Being an active and involved parent with your child can take a lot of time, effort, and energy. Statistics have proven that with the right parent involvement, students’ academic achievements have improved, self esteem increases, and motivation to do better becomes much more evident. Let’s take a closer look at how parent involvement affects children and what parents can do to be more involved with their children.
What does the research tell us?
There has been extensive research done on the effects of parent involvement and children. Most school aged children spend at least seventy percent of their time outside of school. Which means that they are doing something, but what exactly is it? Many children today have working parents who don’t get home until after 5pm. So what happens to them between the hours of 2:30 and 5:30pm? If they are lucky they have some sort of extra-curricular activity to keep them occupied, or a good friend to hang out with. But for most, these hours of the day are spent watching television, playing video games, or getting into trouble. With little to no parent supervision it becomes difficult for children to find constructive things to do with their time. The less time parents spend with their children the more likely their child will have low self esteem issues and less motivation to achieve success.
How does parent involvement affect children in schools?
The most consistent predictor of academic achievement among children is parent expectations of a child’s academic attainment with education at school. When parents play an active role in the education and studies of their child, children have been more successful and confident in their abilities to achieve and accomplish goals. There are many ways for parents to get involved with their child’s education and help them succeed. Here are a few suggestions:
•Volunteer in the classroom. Not only does volunteering in the classroom help the teacher, but it let’s your child know that you care about what they do during the day. Volunteering in the classroom also gives you an opportunity to see your child in action and quite possible at what they do best. Children naturally want to please their parents and this is a great place for them to “show off.”

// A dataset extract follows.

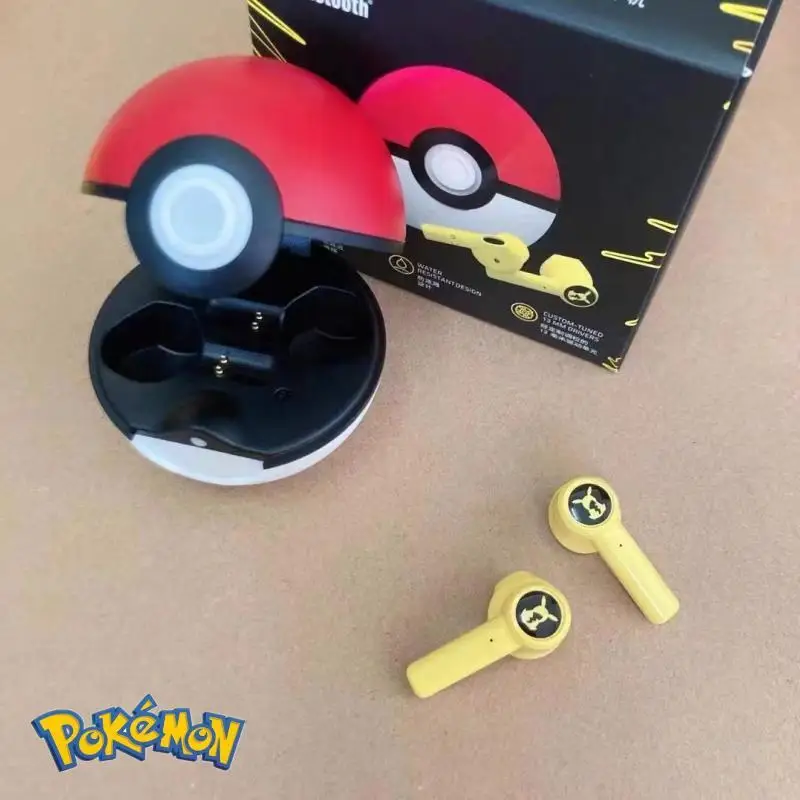 

Новые беспроводные наушники Pikachu Pokemon Razer Bluetooth 5,0, универсальные спортивные наушники с шумоподавлением, микрофон с сенсорным управлением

•Help with extra-curricular activities. Most extra-curricular activities can only happen if parents get involved and help with classes and activities. If you have some extra time or get off of work early one day during the week then don’t be afraid to volunteer your time. This will also give you a chance to get your child involved in some extra-curricular activities.
•Get involved with the PTO or PTA. Education programs rely on some of the programs that the PTO or PTA parents do; fundraisers, book sales, etc. are just a couple of examples that help raise money for the school and get parents involved.
How does parent involvement affect children’s social life?
It should be no surprise that parent involvement can greatly affect a child’s social life, positively and negatively. If taken to extremes, a parent can actually hinder a child’s social life and make it extremely difficult for the child to find their own individuality. If, however, you find the right balance for parent involvement in a child’s social life, you can help the child foster healthy social habits and establish healthy relationships. It’s important to find that balance so that you give your child enough space to grow and learn, but not enough so that they find themselves in unwanted situations and trouble. As a parent of young children your involvement will be much greater than it will be as your children grow, and your role may become less direct; although still extremely important.
Parent involvement affects all aspects of a child’s life; emotional, physical, and educational. There isn’t much a child can do without the advice and help of a parent, but finding a good balance is the key to successful and healthy relationships.